§ **Aim of the exercise**
Would you please copy the part of the material below that opens with the line containing "Villa à Los" and closes with the line containing "52 MAXWELL CRESCENT - 28"? Copy it exactly, and only it.

'''

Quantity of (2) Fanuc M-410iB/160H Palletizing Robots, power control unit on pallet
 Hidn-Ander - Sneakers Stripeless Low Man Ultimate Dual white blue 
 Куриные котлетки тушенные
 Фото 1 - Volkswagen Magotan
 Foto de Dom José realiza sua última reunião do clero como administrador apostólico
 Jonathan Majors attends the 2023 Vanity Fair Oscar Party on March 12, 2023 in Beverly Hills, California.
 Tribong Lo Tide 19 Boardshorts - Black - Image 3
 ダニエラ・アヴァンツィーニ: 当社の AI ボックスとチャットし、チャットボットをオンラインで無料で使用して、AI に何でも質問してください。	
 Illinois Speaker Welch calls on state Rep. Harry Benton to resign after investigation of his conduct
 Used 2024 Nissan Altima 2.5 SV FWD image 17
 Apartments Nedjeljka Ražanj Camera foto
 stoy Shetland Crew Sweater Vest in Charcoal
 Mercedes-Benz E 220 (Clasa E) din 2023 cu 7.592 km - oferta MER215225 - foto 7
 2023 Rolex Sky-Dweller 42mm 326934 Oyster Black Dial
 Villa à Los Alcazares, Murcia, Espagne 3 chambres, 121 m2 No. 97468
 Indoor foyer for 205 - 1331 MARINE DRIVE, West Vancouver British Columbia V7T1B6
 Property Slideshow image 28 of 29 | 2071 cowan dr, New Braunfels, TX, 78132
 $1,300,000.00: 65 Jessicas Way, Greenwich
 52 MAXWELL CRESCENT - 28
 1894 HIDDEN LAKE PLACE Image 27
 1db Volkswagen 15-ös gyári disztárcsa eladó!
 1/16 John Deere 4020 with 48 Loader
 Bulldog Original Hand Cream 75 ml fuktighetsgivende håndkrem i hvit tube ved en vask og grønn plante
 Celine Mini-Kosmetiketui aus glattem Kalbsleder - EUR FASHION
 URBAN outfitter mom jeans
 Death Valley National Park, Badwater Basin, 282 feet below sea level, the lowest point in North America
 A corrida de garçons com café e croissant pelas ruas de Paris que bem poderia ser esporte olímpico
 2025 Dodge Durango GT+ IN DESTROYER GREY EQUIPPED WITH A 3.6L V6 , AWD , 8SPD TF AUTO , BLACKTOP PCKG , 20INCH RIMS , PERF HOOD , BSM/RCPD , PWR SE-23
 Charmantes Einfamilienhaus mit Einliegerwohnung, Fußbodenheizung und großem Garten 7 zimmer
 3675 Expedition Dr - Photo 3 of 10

'''

§ **Problem solution**
 Villa à Los Alcazares, Murcia, Espagne 3 chambres, 121 m2 No. 97468
 Indoor foyer for 205 - 1331 MARINE DRIVE, West Vancouver British Columbia V7T1B6
 Property Slideshow image 28 of 29 | 2071 cowan dr, New Braunfels, TX, 78132
 $1,300,000.00: 65 Jessicas Way, Greenwich
 52 MAXWELL CRESCENT - 28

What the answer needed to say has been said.